Voyant qu’elle s’obstinait à causer avec Manos Duras, il se rabattit sur Moreno, incapable de garder pour lui seul sa colère.

—Ce gaucho est un insolent, il faudra lui donner une leçon.

L’employé approuva sans réserves la première partie de la phrase, mais il haussa les épaules en entendant le Français parler de leçon. Que pouvaient-ils contre le nomade redoutable, quand le commissaire lui même lui témoignait une sorte de respect?
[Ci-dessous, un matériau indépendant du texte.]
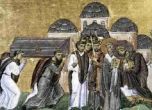 Босфорът почернял от посрещачи при връщането на мощите на св. Йоан Златоуст в Цариград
—Il vous faut obtenir, continua l’ingénieur, qu’on ne lui achète plus de viande au camp et qu’on n’accepte aucune des affaires qu’il proposera.

Moreno fit un geste affirmatif. S’il ne désirait que cela, c’était facile.

Hélène reprit enfin sa marche après avoir salué le gaucho avec une certaine coquetterie; elle était satisfaite de le voir ému, ses yeux avides brillants de désirs.

—Pauvre homme! c’est un type bien curieux!